La vice-présidente à l'expérience numérique de la Société de l'assurance automobile du Québec (SAAQ) disait traverser une dure période, lors d'une télérencontre du 19 juin dont La Presse a obtenu l'enregistrement. La veille, l'Unité permanente anticorruption (UPAC) avait fait irruption dans les bureaux de l'organisation à Québec pour une perquisition.

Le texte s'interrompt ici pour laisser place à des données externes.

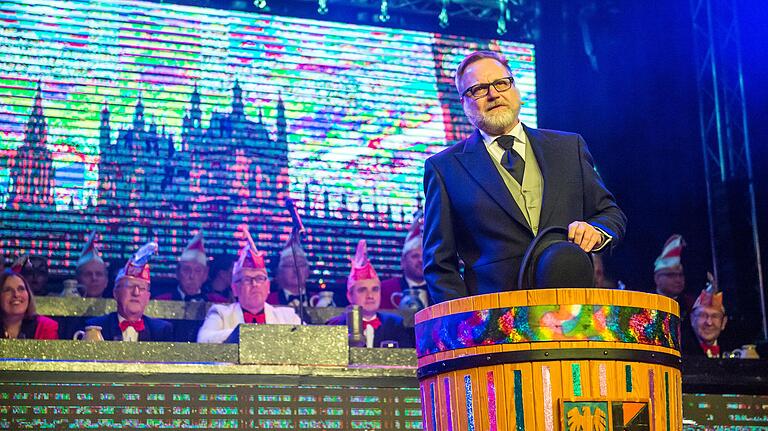 Peter Kuhn bei der Premiere der Prunksitzung der Schwarzen Elf in der Stadthalle in Schweinfurt im Januar 2020.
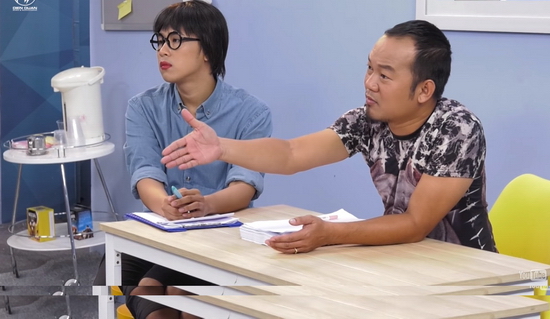 Lê Khánh vuột vai nữ chính vì “rượt” đạo diễn chạy “tóe khói” ở Biệt đội siêu hài  Trong một buổi thử vai, Long Đẹp Trai vào vai vị đạo diễn điện ảnh nổi tiếng cùng trợ lý Minh Ngọc tìm kiếm người phù hợp với vai nữ chính. Tiêu chí tuyển chọn của đạo diễn chính là tìm được người thể hiện nội tâm của một cô gái đầy đau thương, đi du lịch nước ngoài về thì phát hiện cả gia đình bị ám sát. 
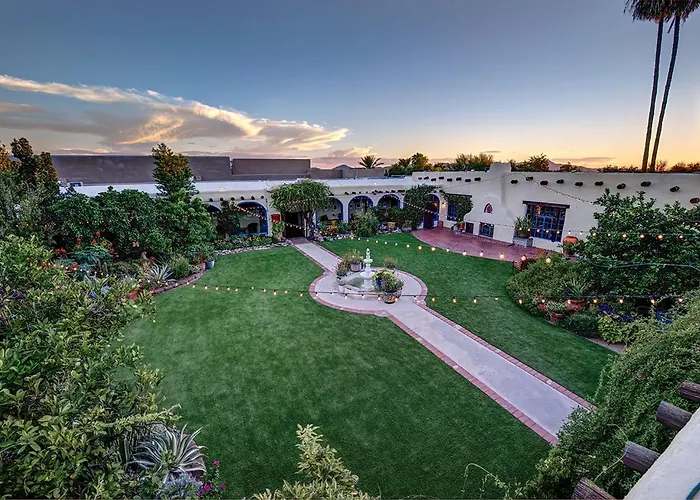 Hacienda Del Sol Guest Ranch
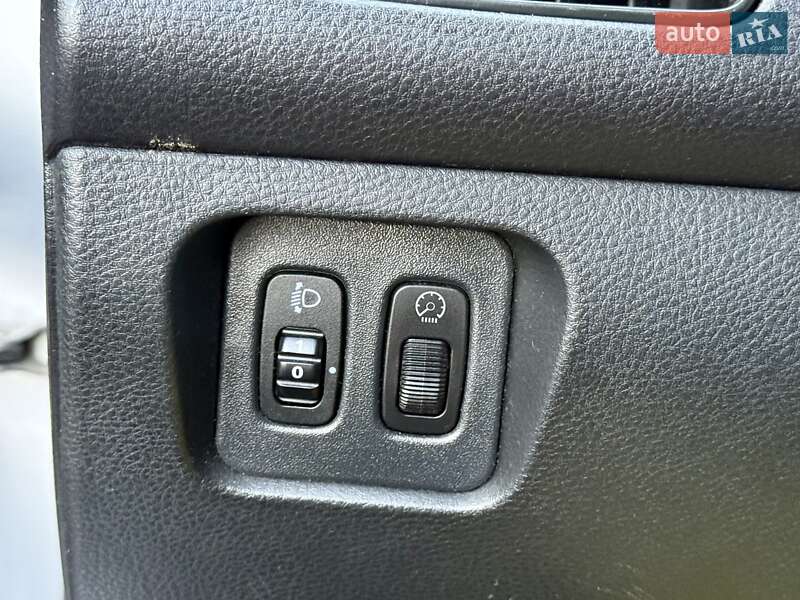 Седан Mitsubishi Lancer 2007 в Киеве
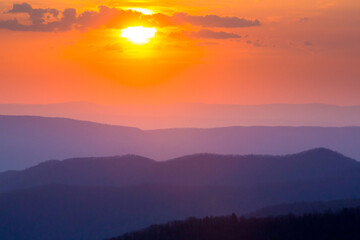 Fototapeta premium View of the Allegheny mountains at sunset from Shenandoah National Park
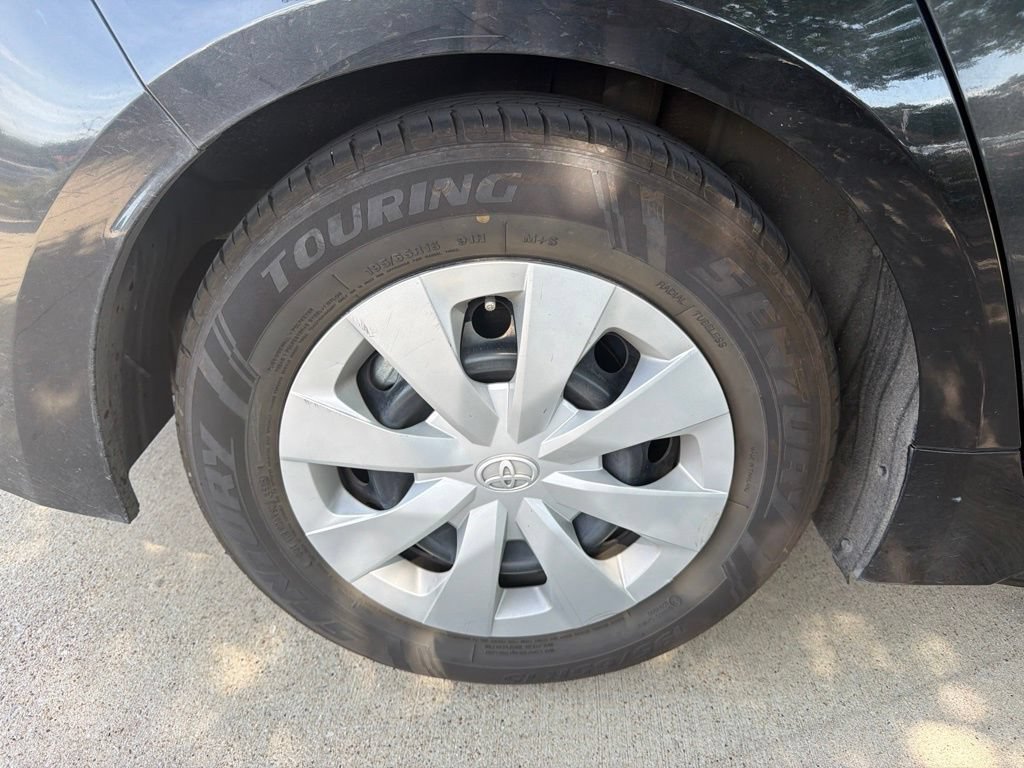 Used 2022 Toyota Corolla L FWD image 10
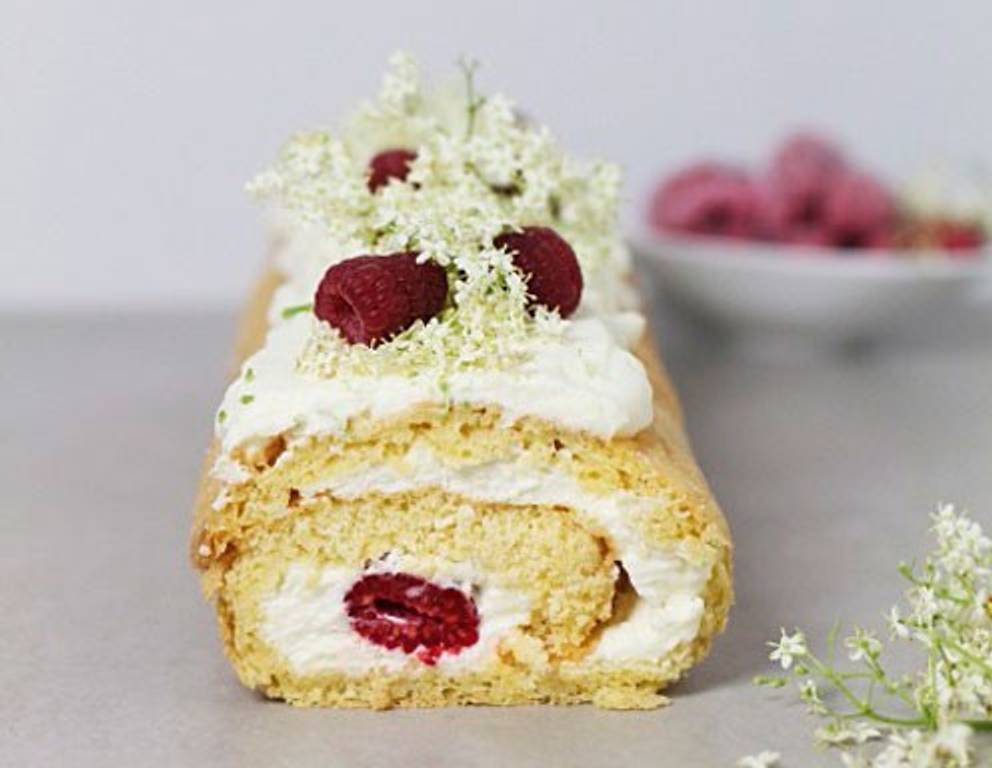 Himbeerroulade mit Holunderblüten Himbeerroulade mit Holunderblüten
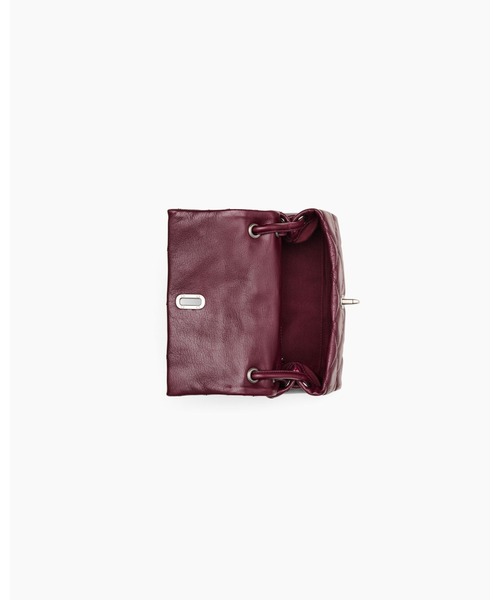 MARC JACOBS(マークジェイコブス)の「THE QUILTED DUAL CHAIN MINI SHOULDER BAG/ザ キルテッド レザー デュアル バッグ ショルダー ミニ(ショルダーバッグ・レディース・パープル系その他・ONE SIZE)」の5枚目の写真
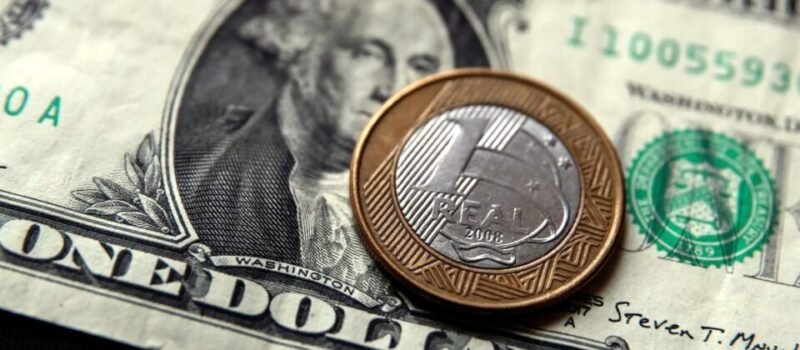 Dólar atinge novo recorde nominal do Plano Real e Bolsa supera 127 mil pontos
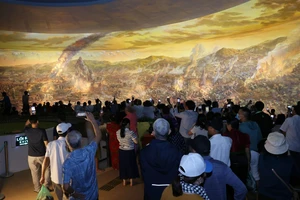 Du khách tham quan Bảo tàng Chiến thắng lịch sử Điện Biên Phủ trong ngày 6-5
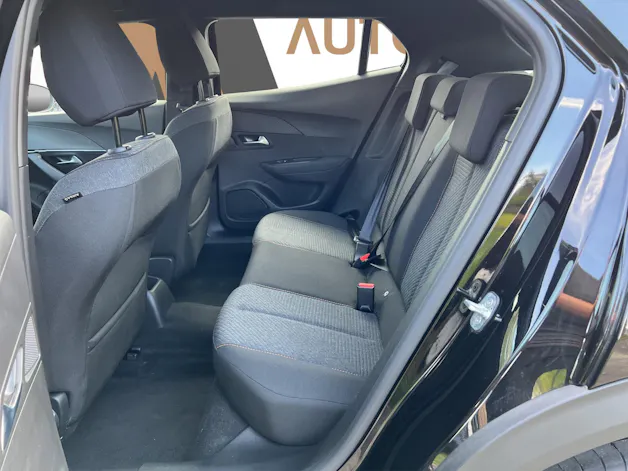 PEUGEOT 2008 1.2 Hybrid 145 Style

Depuis le lancement raté de SAAQclic en 2023, Caroline Foldes-Busque était au cœur de la tempête en tant que directrice générale principale du Carrefour des solutions d'affaires (CASA), qui inclut la plateforme. Elle a ensuite pris la place de son mentor et ex-collègue d'Hydro-Québec Karl Malenfant en janvier 2024.
Mais Caroline Foldes-Busque dirigeait un service miné par une pluie de controverses dans lesquelles elle a joué un rôle central, selon les révélations de la commission Gallant.
PHOTO TIRÉE D'INSTAGRAM
Caroline Foldes-Busque
Rencontrée en mai par les enquêteurs
En juin dernier, son laïus laissait deviner l'état de perturbation à la SAAQ. « Si vous êtes tannés qu'on vous pose des questions, demandez qu'on vous parle d'autre chose. Moi, c'est ça que je fais. À un moment donné, je dis là, c'est assez. J'en peux plus. »

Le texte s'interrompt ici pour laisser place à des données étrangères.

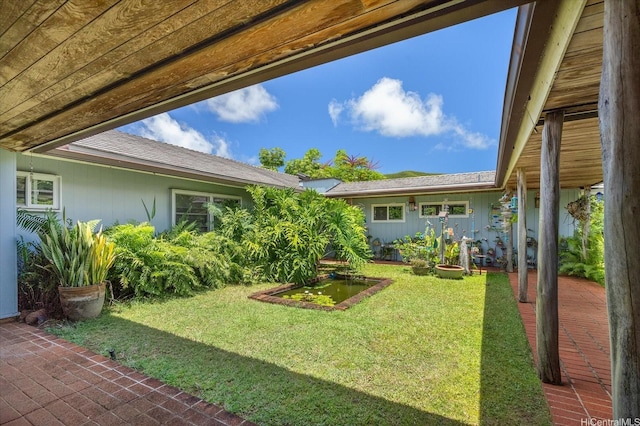 44-519 Kaneohe Bay Dr, Kaneohe, HI 96744 - view of green lawn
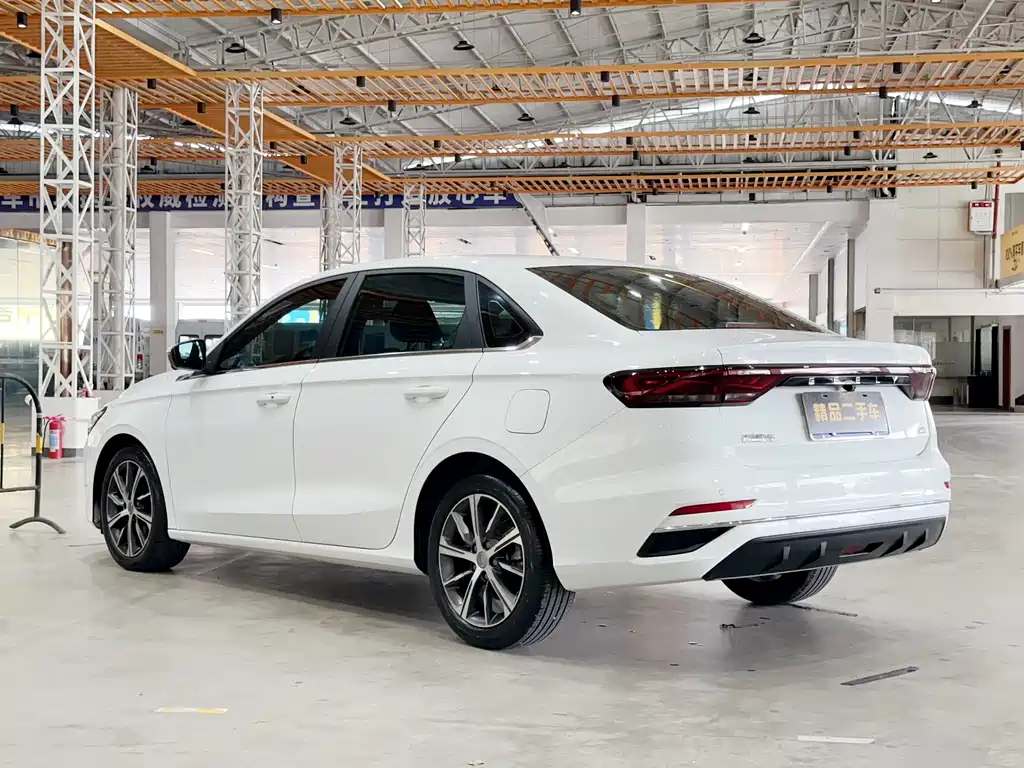 Geely Emgrand 2022 — фото 17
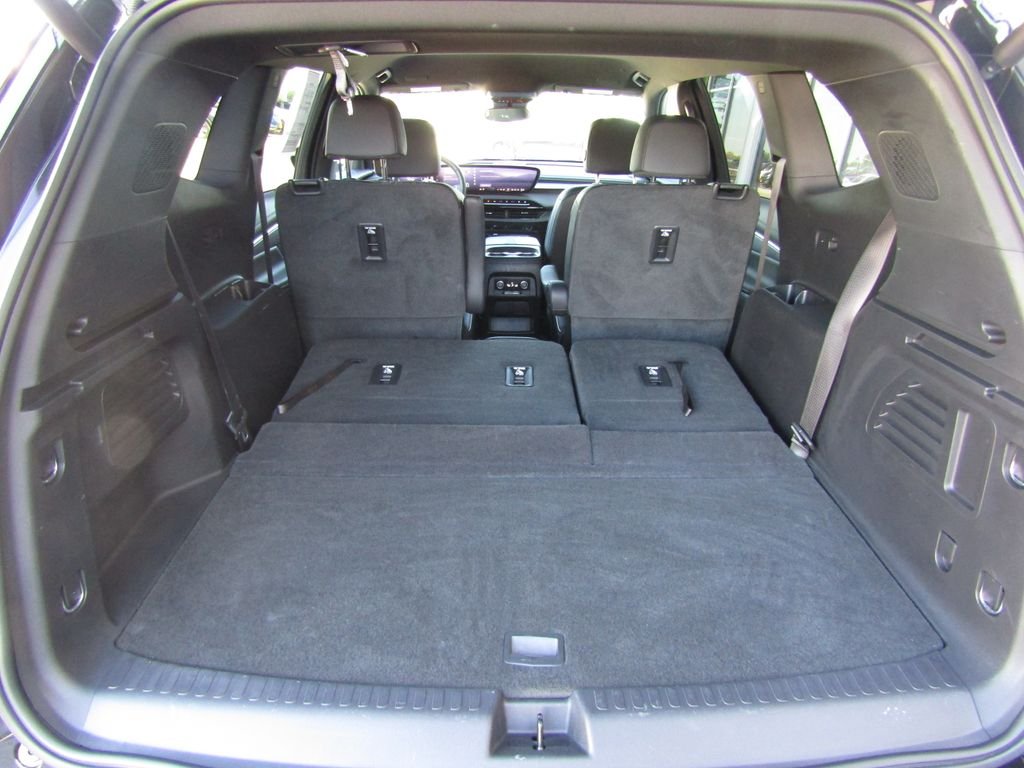 Used 2025 Black Buick Sport Touring image 39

Son travail semblait affecté par la commission Gallant. « Je devais avoir une rencontre de travail avec tous vos gestionnaires à la fin mai, mais bien sûr, j'ai été interpellée par les enquêteurs de la Commission à ce moment-là et j'ai été obligée de la déplacer », expliquait-elle dans sa présentation.
Elle s'engageait toutefois à remettre le tout à l'automne. « On prendra le temps ensemble, quand il y aura moins de bruit, puis qu'on aura le temps de regarder un peu plus loin vers l'avant. »
Ce ne sera finalement pas le cas. Mardi, dans un courriel laconique, la PDG par intérim Annie Lafond a annoncé aux employés que Caroline Foldes-Busque quittait son poste. La SAAQ a ensuite précisé qu'elle avait été « démise de ses fonctions ».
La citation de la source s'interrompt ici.